Categories
Domestic S&T News

Menuju Net Zero Emission 2060, Biomassa dan Biofuel Dukung Transisi Energi

Tahun 2015 lalu, di Paris, Perancis, Presiden Joko Widodo mewakili Indonesia, bersama para Kepala Negara dan Kepala Pemerintahan dari seluruh Dunia, menandatangani Perjanjian Paris Untuk Perubahan Iklim.  Kala itu, Indonesia berkomitmen untuk menurunkan emisi gas rumah kaca dan akan mencapai Net Zero Emission (NZE) pada tahun 2060, atau lebih cepat.  Mulai saat itu, proses transisi energi dari energi berbahan baku fosil menuju energi baru dan terbarukan (EBT) mulai berjalan.

Dalam diskusi di Center for Technology & Innovation Studies (CTIS), Rabu 14 Agustus 2024,  Dr Unggul Priyanto, Ketua Komite Energi CTIS, yang juga mantan Kepala Badan Pengkajian & Penerapan Teknologi (BPPT), memaparkan tentang Prospek dan Tantangan Penggunaan Energi Baru dan Terbarukan.  Bertindak sebagai moderator, Ketua Komite Aeronautika dan Teknologi Penerbangan CTIS, Professor Anton Adibroto.

diskusi di Center for Technology & Innovation Studies (CTIS), Rabu 14 Agustus 2024,  Dr Unggul Priyanto, Ketua Komite Energi CTIS, yang juga mantan Kepala Badan Pengkajian & Penerapan Teknologi (BPPT) (kelima dari kiri), memaparkan tentang Prospek dan Tantangan Penggunaan Energi Baru dan Terbarukan.  

Menurut Unggul, yang alumnus ITB dan Kyushu University-Jepang, Indonesia memiliki potensi EBT yang besar, seperti energi hidro, panas bumi, fotovoltaik, biomassa, energi angin, biofuel, bahkan potensi energi nuklir, energi dari limbah dan energi batubara berteknologi Carbon Capture Storage (CCS).

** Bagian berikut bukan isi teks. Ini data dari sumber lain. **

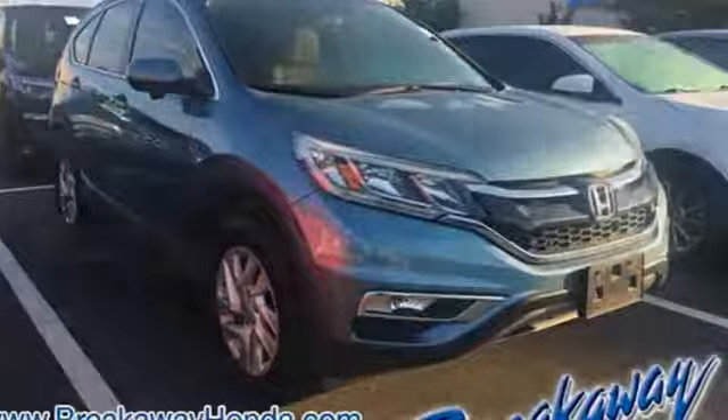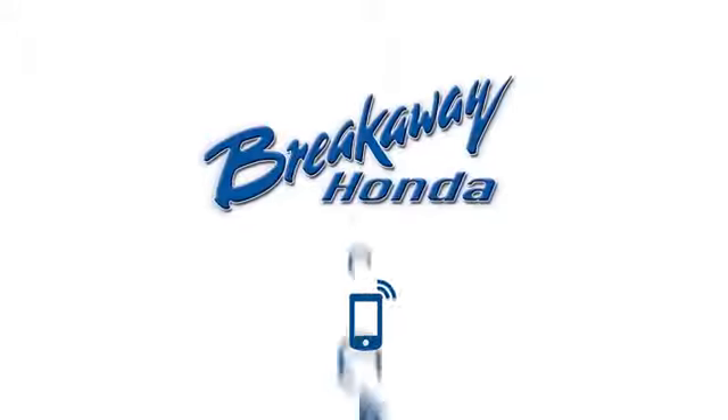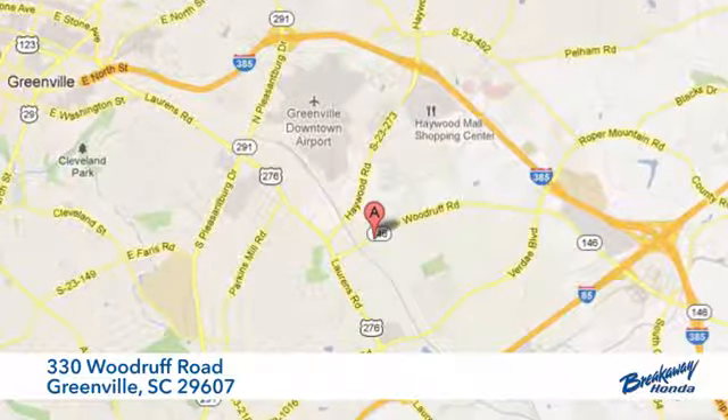Honda's created some of the most admired vehicles on the planet. Hurry in today and see it for yourself. Call, click, or stop in today. We're conveniently located at 330 Woodruff Road in Greenville, South Carolina.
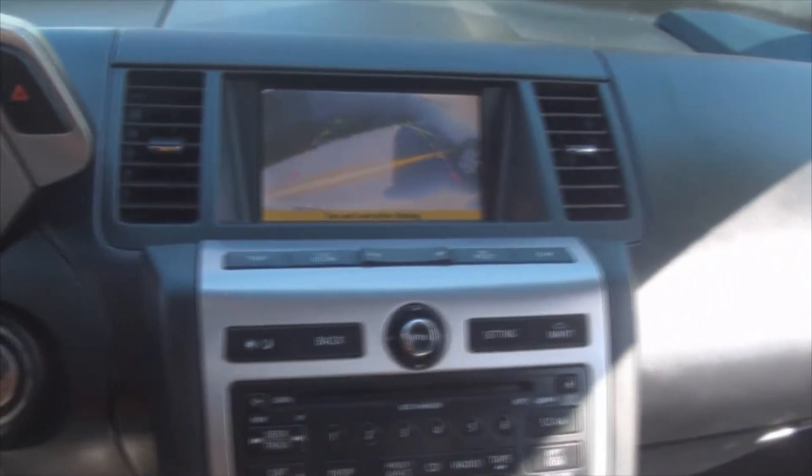Volume controls on the steering wheel. It does have your trip computer for you to see and get an idea of that mileage.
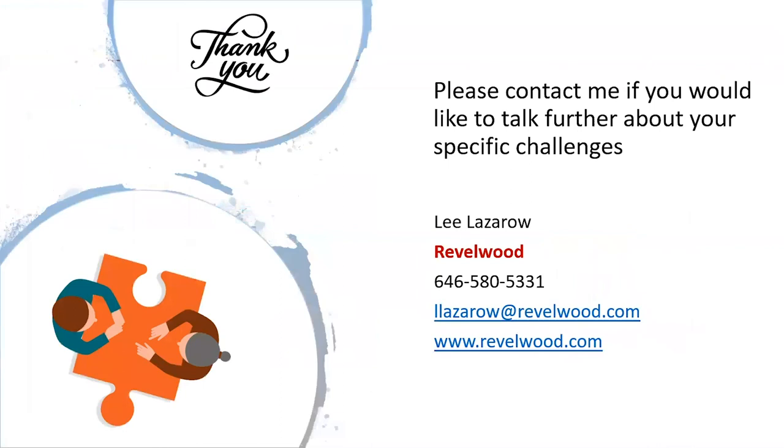Thank you very much for your time. I appreciate you attending today's session. Please don't hesitate to contact me if you'd like to talk further about your specific challenges, business processing, technical solutions, or data needs. We're happy to talk to you. Thank you again, and have a great day.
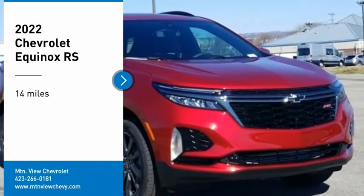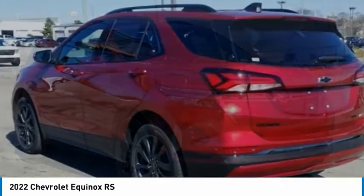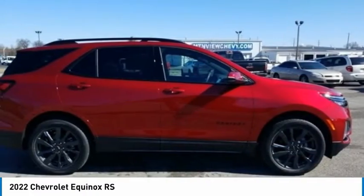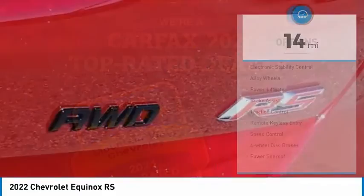You are going to love the 2022 Equinox. Fuel efficiency, safety, and value equals the Chevy Equinox. This vehicle has less than 100 miles. Here are some of this vehicle's great options.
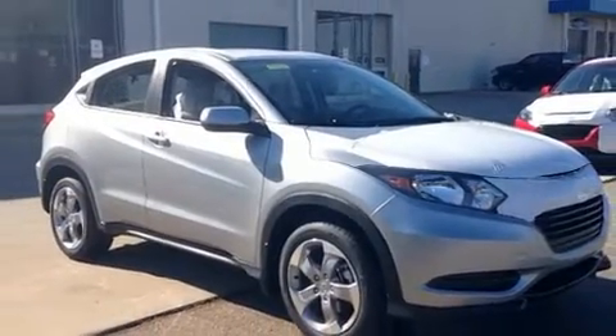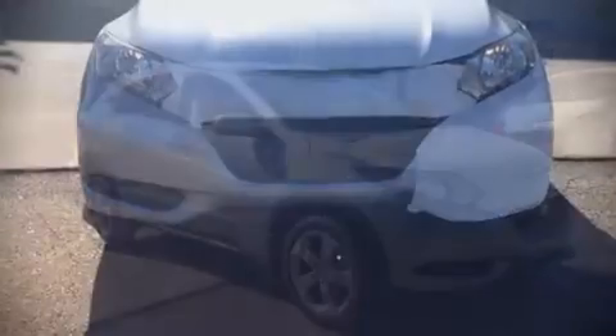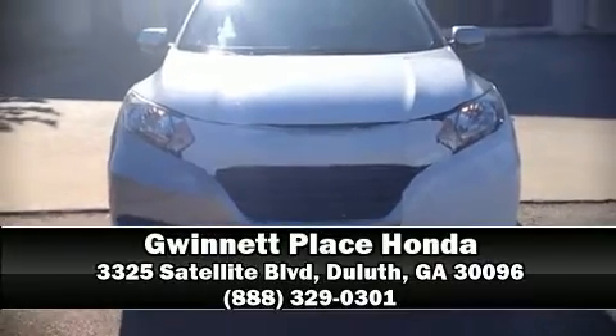Our knowledgeable sales staff is available to answer any questions that you might have. Stop in and take a test drive. We'll see you next time.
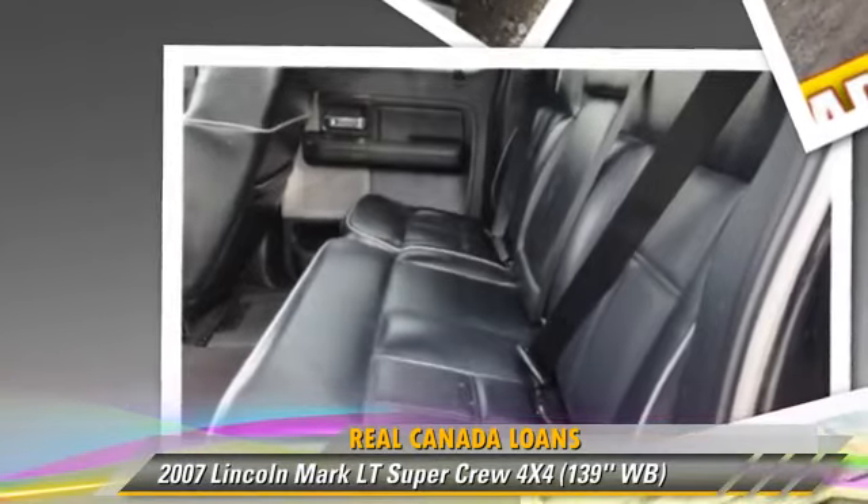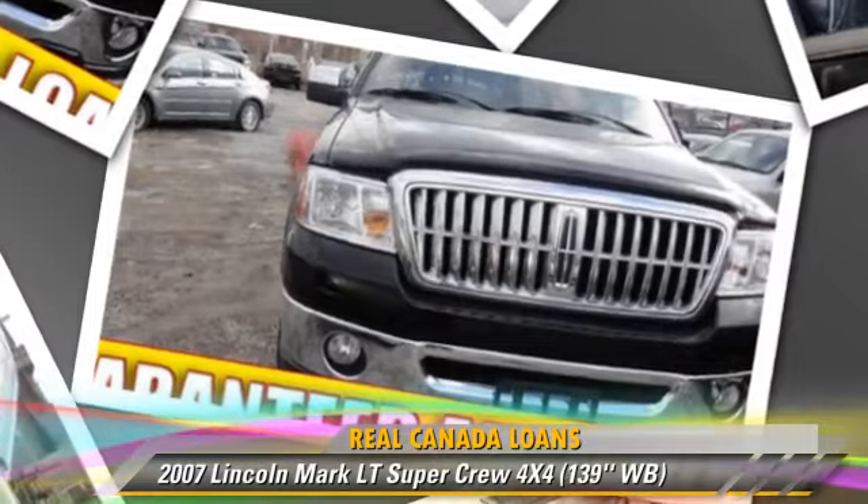Comfort and convenience features include a CD player, leather seats, and heated seats. Give us a call to schedule your test drive today.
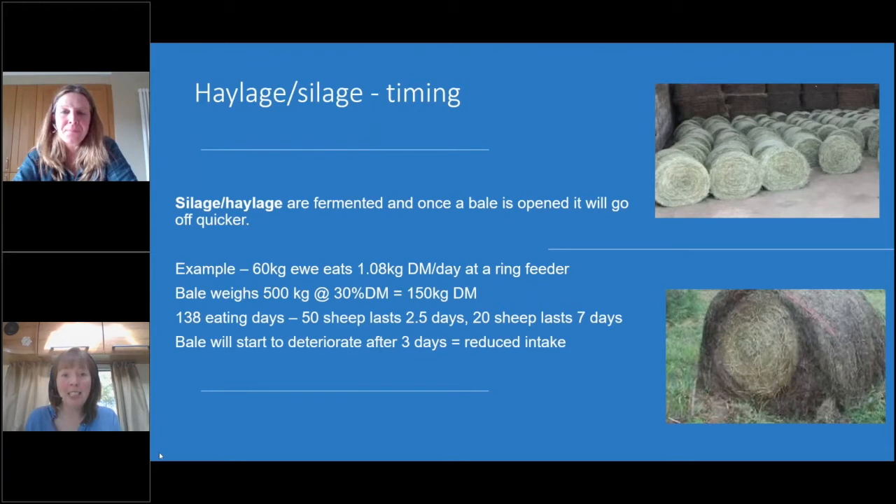If your bale weighs 500 kilos and it's a 30% dry matter bale, that gives us 150 kilos of dry matter. If we divide that by 1.08 kilos — how much dry matter a sheep eats per day — that gives us 138 eating days. So if you have 138 ewes in your field and one bale of silage, it'll take them one day to eat. With 50 sheep it'll last two and a half days; with 20 sheep it'll last seven days. Seven days is actually a really long time — after three days the bale will deteriorate and you'll get reduced intake, as it won't be as palatable. That's when, if the rumen isn't getting as much intake, you can start to see issues happening.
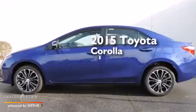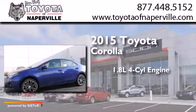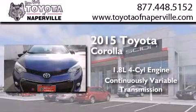This is a brand new 2015 Toyota Corolla. It features a 1.8 liter 4-cylinder engine and a continuous variable transmission.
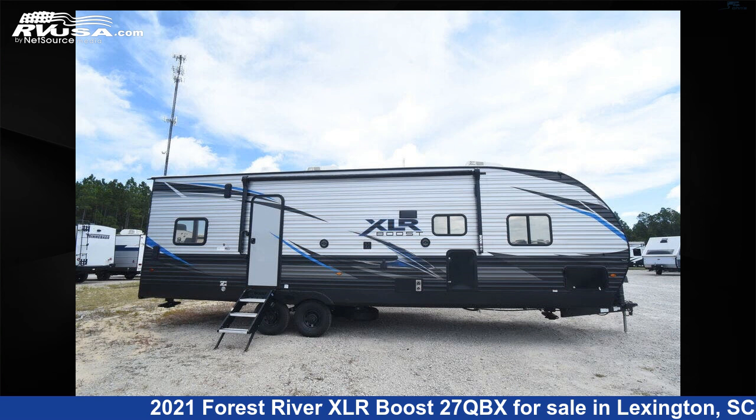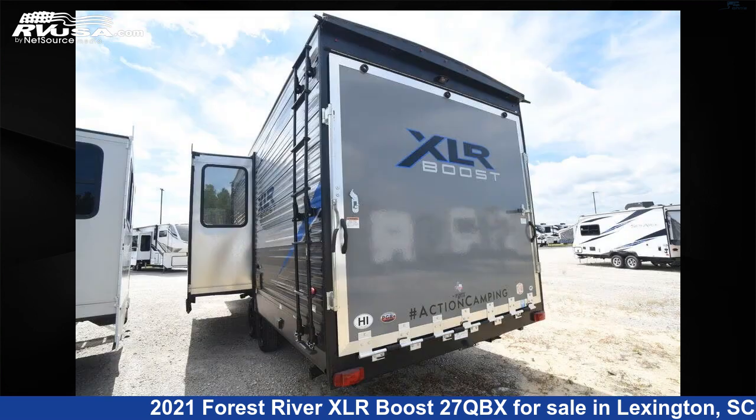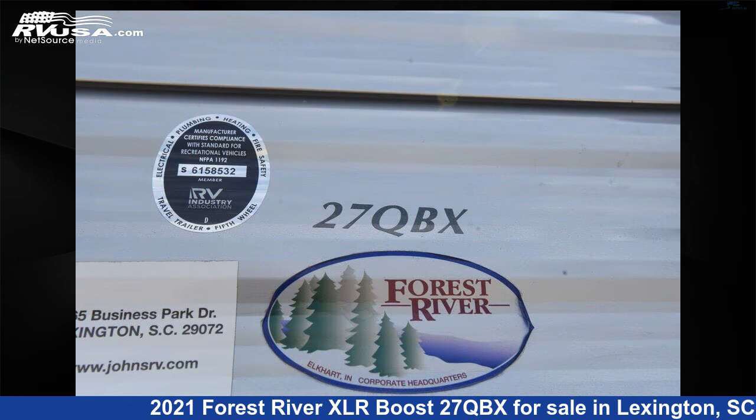This 2021 Forest River XLR Boost 27 QBX is a toy hauler RV. It is located in Lexington, South Carolina, 29072 and is offered for sale by Johns RV Sales and Service. This used Forest River is 31 feet 0 inches in length and features one slide-out, sleeps eight.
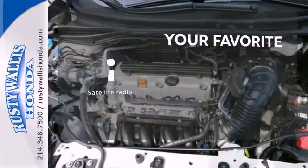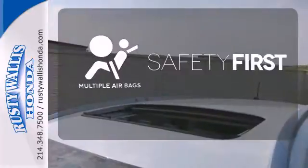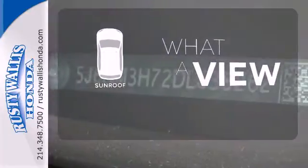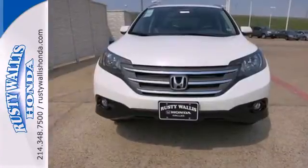The satellite radio lets you keep listening to all your favorites no matter where you go. Be prepared for the worst with multiple airbags. The sunroof gives you fresh air for your drive. Come and see this attractive 2013 CR-V for yourself today.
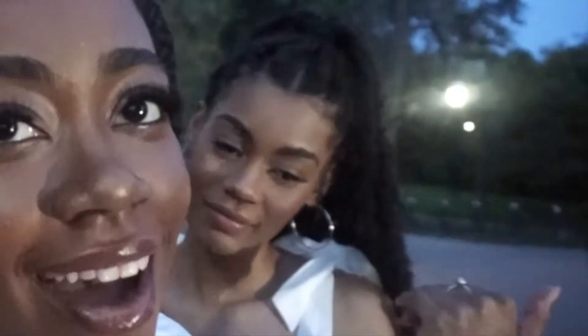Hey guys! Welcome back to my channel. It's your girl Joyce, and this is my sister Victoria. She's actually going to be filming my video for me today, so all the shots of these outfits are shot by her — props to her.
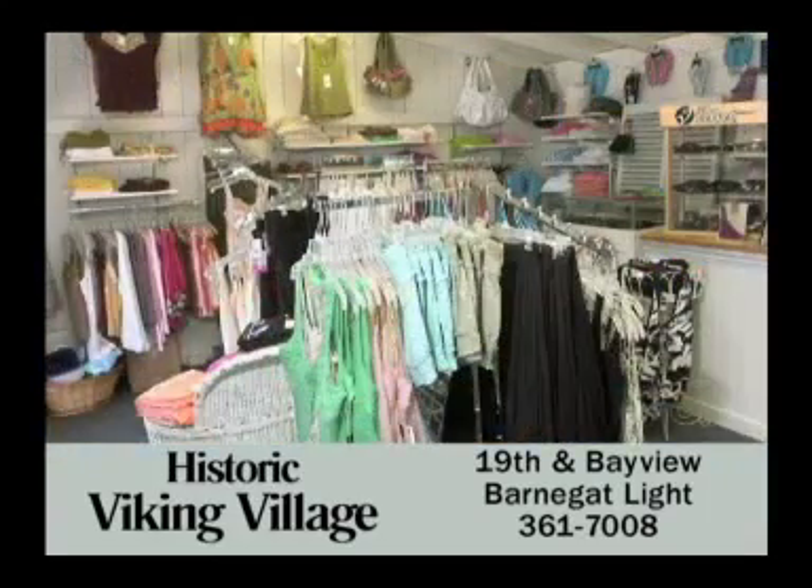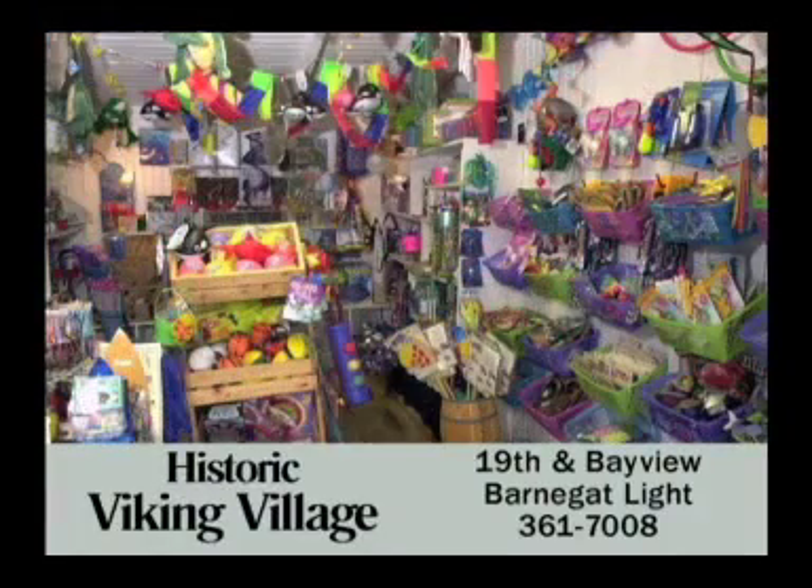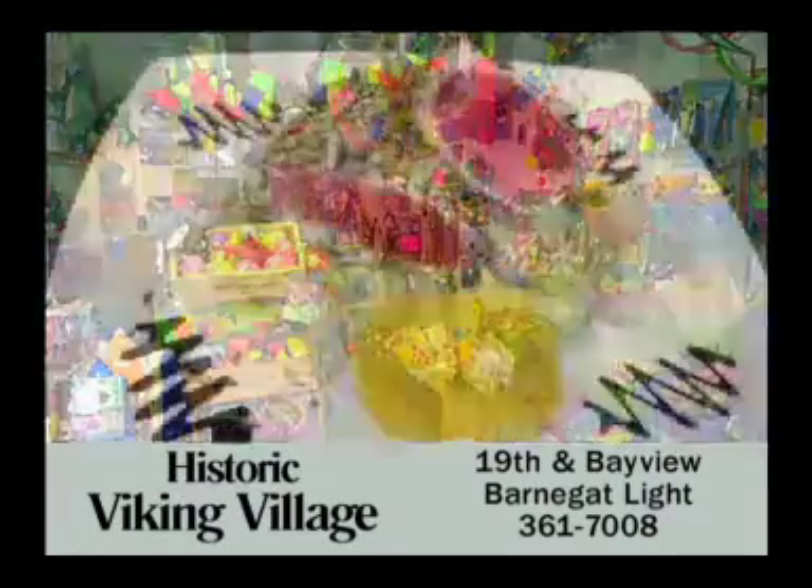Clothing for the whole family, antiques and collectibles, jewelry, candy, toys, and seafood, of course.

Indonesia berkomitmen untuk menurunkan emisi gas rumah kaca dan akan mencapai Net Zero Emission (NZE) pada tahun 2060
PLTB Sidrap 1 dengan kapasitas 75 MW dari total 30 turbin, listrik yang dihasilkan dapat mengaliri kurang lebih 67.000 s.d 72.000 pelanggan listrik.(Dok PLN)

Oleh sebab itu, peta jalan transisi energi menuju net zero emission Indonesia 2060 perlu disusun dan diimplementasikan.  Tentu prioritas yang perlu dibangun adalah penerapan EBT dengan potensi besar seperti panas bumi, hidro, nuklir dan batubara CCS, kesemuanya ini mencakup 80%.  Sedang 20% lainnya diperoleh dari energi angin, fotovoltaik, biomassa, biofuel dan kedepannya menerapkan energi hidrogen.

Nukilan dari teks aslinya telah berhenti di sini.